Domestic worker on Abel Road, Hillbrow, March 1973

His interest in taking photographs started at a young age, but running the family business sidelined his pursuits behind the camera until 1963, when he sold the company to focus solely on a career in photography. Having become a part of numerous artistic circles in Johannesburg, he was able to integrate with a wide range of groups in the community which, in turn, allowed him access to shoot in situations and capture portraits where others couldn’t. As his love for photography grew, Goldblatt founded the Market Photography Workshop to allow for visual literacy and photographic skills to be taught to the younger generation. He went on to receive numerous awards and honorary doctorates and to have his work exhibited worldwide.

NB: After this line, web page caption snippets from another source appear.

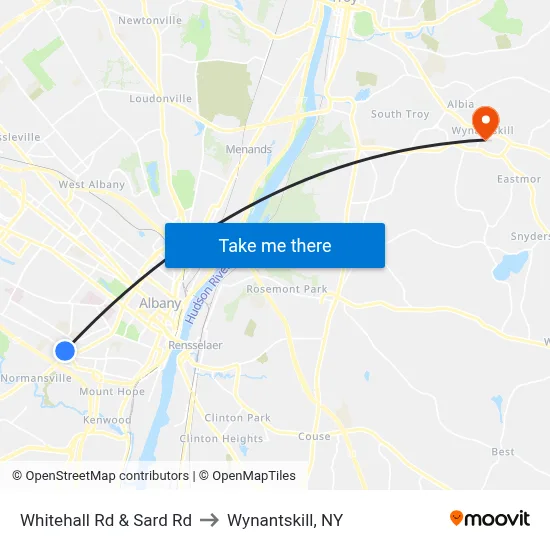 Whitehall Rd & Sard Rd to Wynantskill, NY map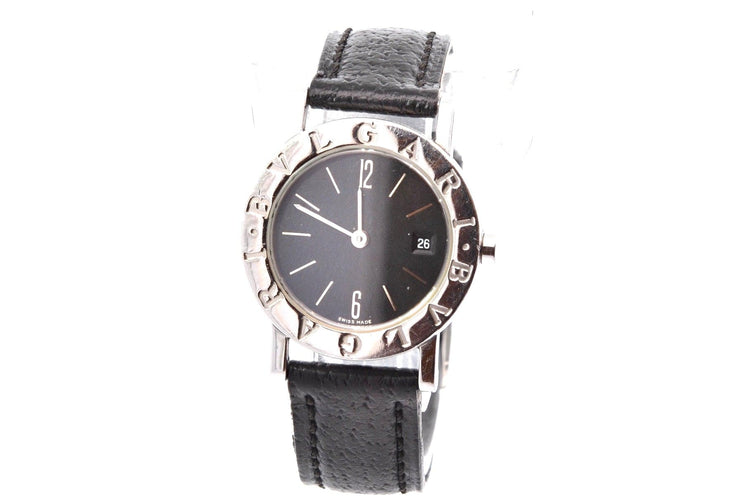 Montre Bvlgari - Montre en acier, mouvement quartz, bracelet cuir 58 Facettes 27876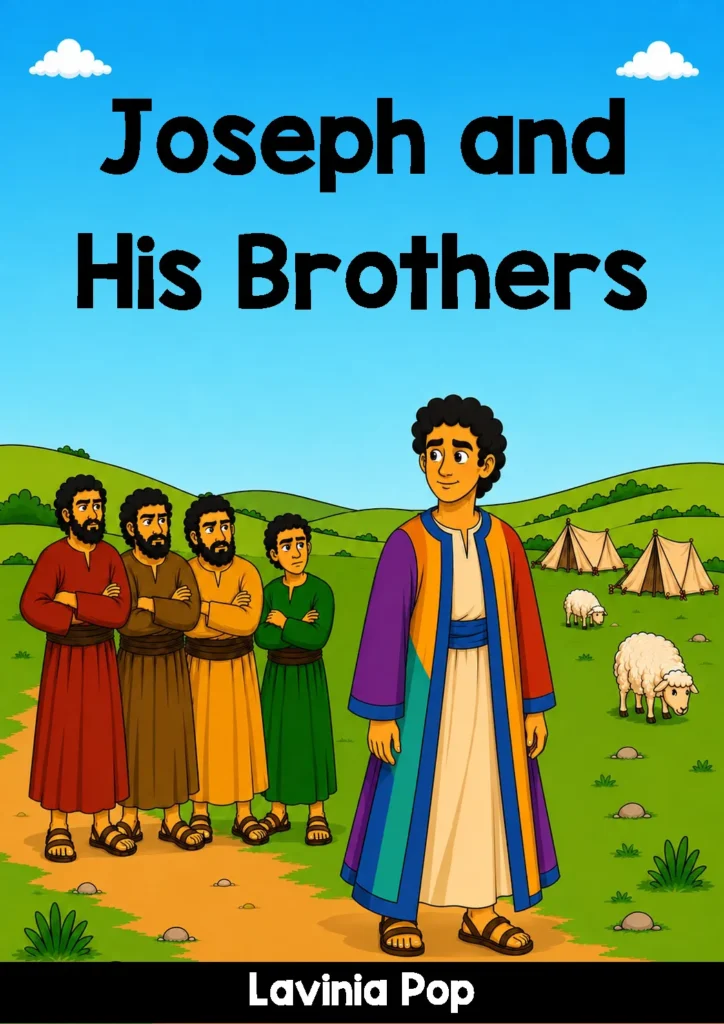 Joseph and His Brothers with Joseph wearing his colorful coat, his jealous brothers, sheep, tents and green hills.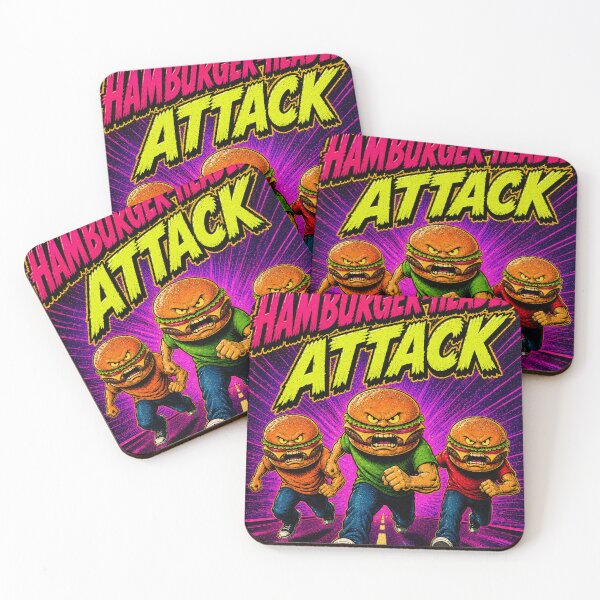 Item preview, Hamburger Headed Attack Neon Comic Art designed and sold by Odd Alien Lab.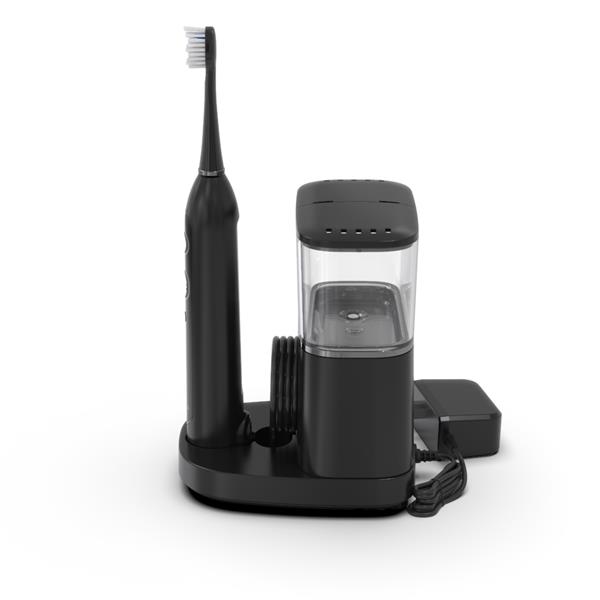 Sideview - Black Sonic-Fusion 2.0 SF-04, Flossing Toothbrush Handle, & Brush Head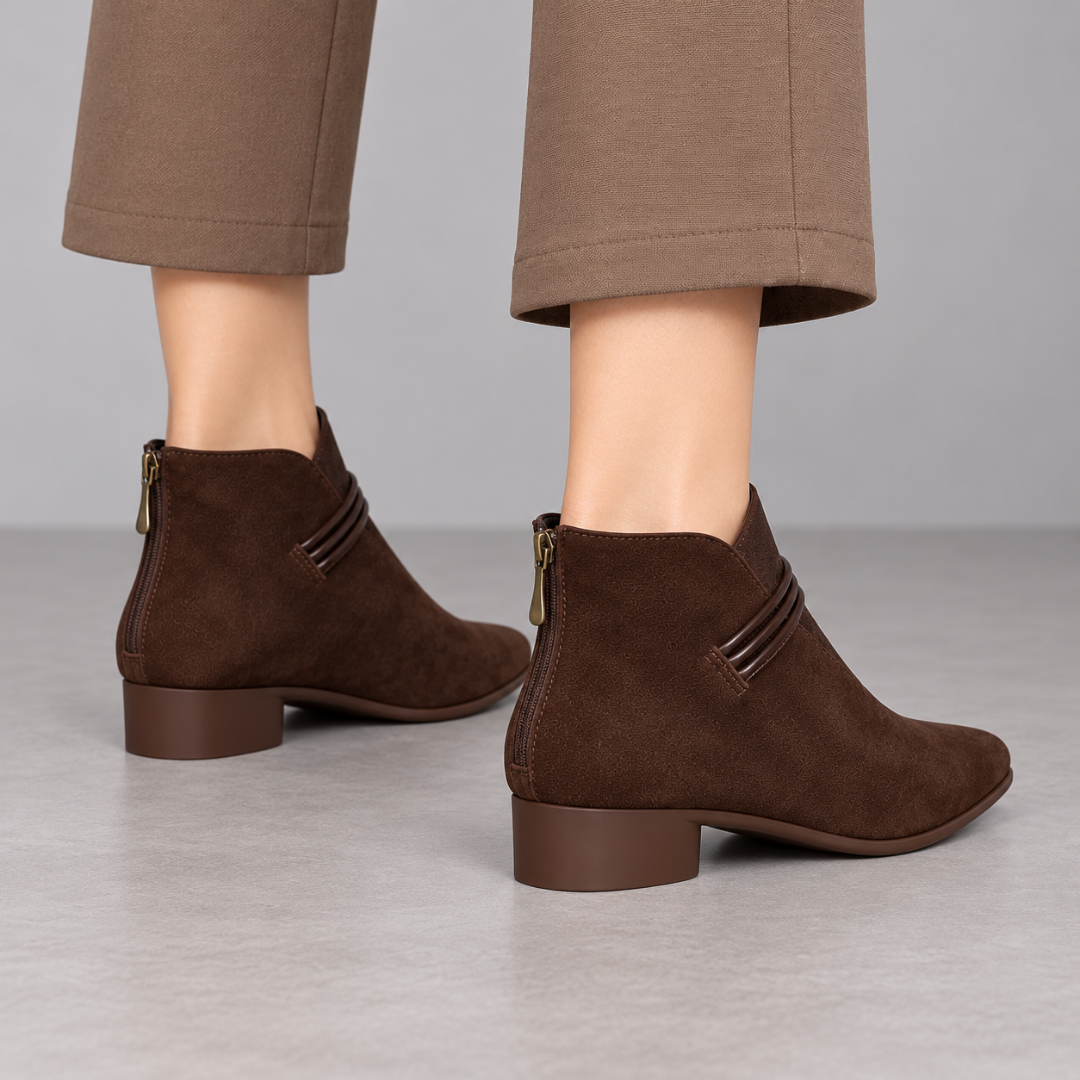 Vue arrière des bottines marron montrant la fermeture à glissière dorée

Baby with child-minders and dogs in the Alexandra Street Park, Hillrow, 1972

This latest exhibition captures his view of Johannesburg from 1948 until his death in 2018; the shots included will provide an important social document for many years to come. Excerpts from the press release below:

Left: An office worker from Tsmeb on holiday,
in a rooming house on Abel Road, Hillbrow, March 1973
Right: Rochelle and Samantha Adkins, Hillbrow, 1972

‘Goodman Gallery presents Johannesburg 1948 – 2018, the acclaimed South African photographer David Goldblatt’s first major solo exhibition in London since 1986. Renowned for a lifetime of photography exploring his home country, Goldblatt produced an unparalleled body of work within the city of Johannesburg, where he lived for 70 years. At age 17, Goldblatt would hitchhike from Randfontein, the small mining town where he was born, into Johannesburg. He walked around the city until the next morning, talking to night watchmen and following his intuition: “People would ask me what I was doing, and I would say, ‘I’m poeging. I’m walking around the city; I’m learning the city, and trying to take photographs.” This process became the foundation of his practice.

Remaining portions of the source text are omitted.